Abstract
Dr Li-Huei Tsai was born in Taipei, Taiwan. In 1986, she began her PhD at the University of Texas Southwestern (TX, USA). Under the direction of Bradford Ozanne, she graduated in 1990 and joined Ed Harlow’s laboratory at Cold Spring Harbor Laboratory and Massachusetts General Hospital (MA, USA) for postdoctoral training. She was appointed Assistant Professor of Pathology at Harvard Medical School (MA, USA) in 1994, and was promoted to Professor of Pathology in 2002. In 2006, she relocated her laboratory to Massachusetts Institute of Technology (MA, USA) and became the Picower Professor of Neuroscience. Dr Tsai began directing the Neurobiology Program at the Stanley Center for Psychiatric Research in 2007 and she was named Director of the Picower Institute for Learning and Memory in 2009. Dr Tsai aims to elucidate the cellular and molecular mechanisms contributing to the development and manifestation of the pathology and symptoms of Alzheimer’s disease. She demonstrated that dysregulation of cyclin-dependent kinase 5, as the result of p25 accumulation, contributes to increased β-amyloid peptide production, tau pathology and impaired synaptic plasticity. Dr Tsai created the inducible CK-p25 mouse model that exhibits robust neurodegeneration and memory impairment, and used this model to explore novel approaches for therapeutic intervention. She made the unexpected finding that nonselective HDAC inhibitors facilitate the recovery of learning and memory, after massive neuronal loss has occurred in the CK-p25 mice, and they markedly induce dendritic growth and synapse formation. Subsequently HDAC2 was identified to play an essential role in regulating synaptic plasticity and memory formation by binding to the promoters of genes implicated in synaptogenesis, synaptic plasticity and memory.
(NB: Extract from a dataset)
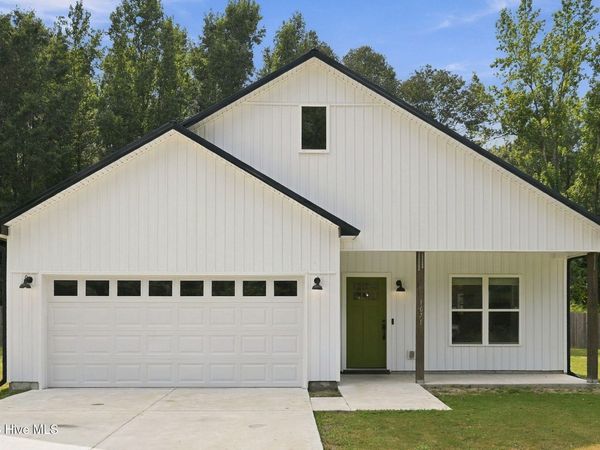 1671 Nc 111 , Pink Hill, NC 28572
She is currently investigating how dysregulation of chromatin remodeling contributes to the pathogenesis of neurodegeneration and cognitive impairment.
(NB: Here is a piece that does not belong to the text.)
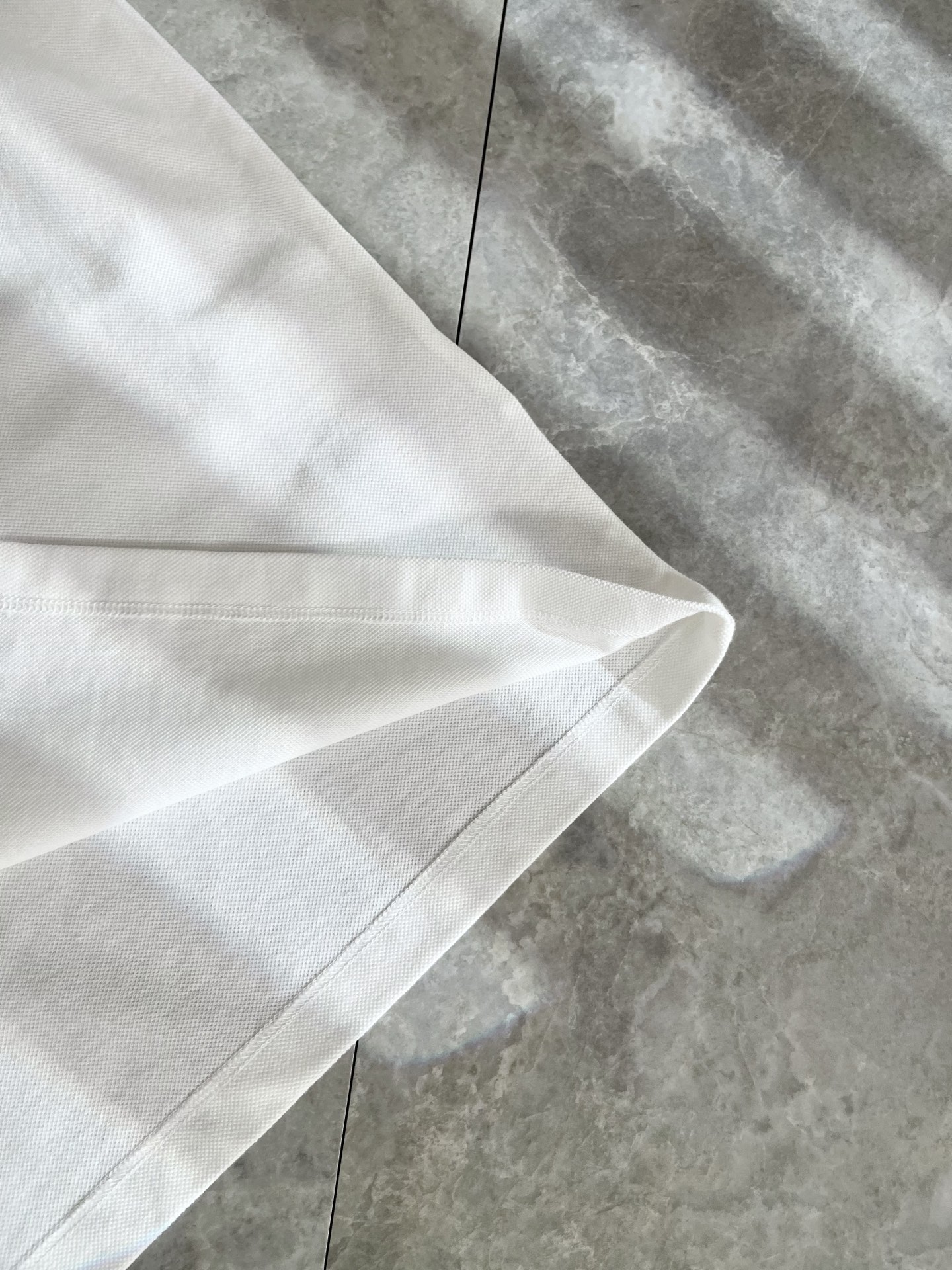 LouisVuitt*路易*登 2025春夏新品最新工艺短袖Polo衫，前后logo图案压胶设计！代表品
▪ What first inspired you to study neuroscience & was this always the career path you intended to follow?
Whilst growing up, I always liked science and I actually went to a vetinary school in my native country, Taiwan. Now, when people ask me if I always knew I wanted to be scientist, I realize that when I was a very young child in Taiwan, I never considered becoming a scientist. But one thing I do remember is that my parents would buy us a lot of books to read, some of them were science books like basic biology and astronomy. Some were nonscience, more like novels and fiction, but I have always been drawn to those scientific books. I loved reading about the insides of plants and animals and I actually thought that everyone was the same, but they are not – having my own child has made me realize that not all children are drawn to science, people have very different interests. I now realize that I always liked science and am passionate about it.
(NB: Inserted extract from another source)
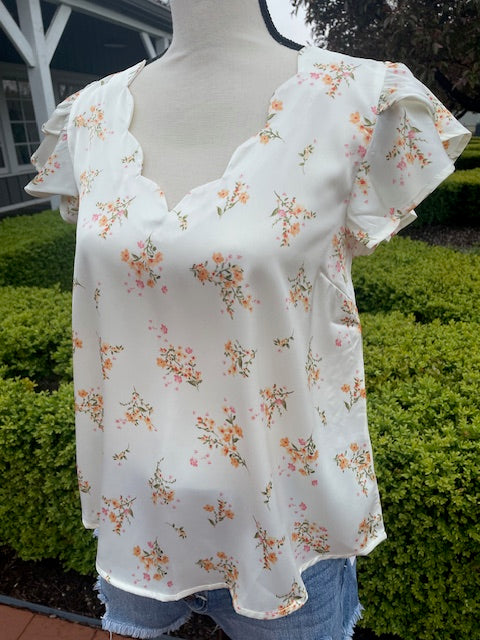 Ivory Floral Print Scallop Top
My PhD study was in the cancer department; I studied an autocrine growth factor that stimulated cancer cell growth in petri dishes. Even after my PhD study, I continued cancer research by joining a laboratory that was concerned with the identification of antioncogenes (later the more common name, tumor suppressors, was coined). I identified a large group of protein kinases that showed homology with the kinases in yeast that promote cell division. I became quite intrigued by one of the kinases, known as Cdk5, simply because it was difficult for me to pin down where the kinase acted. I had trouble detecting the active form of the kinase in all the cancer cells that we used in the laboratory. So, eventually, I used tissues from the entire mouse and basically went cell type by cell type, organ by organ, tissue by tissue, determined to really figure out whether this kinase is actually chemically active at all. At the time, I found that there is only one organ in which I was able to see the activity of this kinase, and it was the brain.
Then I started to read papers and books about the brain and about neuroscience and I was fascinated by it. At the time, I also collaborated with a child neurologist, Verne Caviness, who studied cerebro-cortical development. He really inspired me to get into neuroscience; he taught me a lot of things, both on the research side and also things that are not necessarily science-related, so he was like a mentor to me. I was drawn to studying the brain ever since.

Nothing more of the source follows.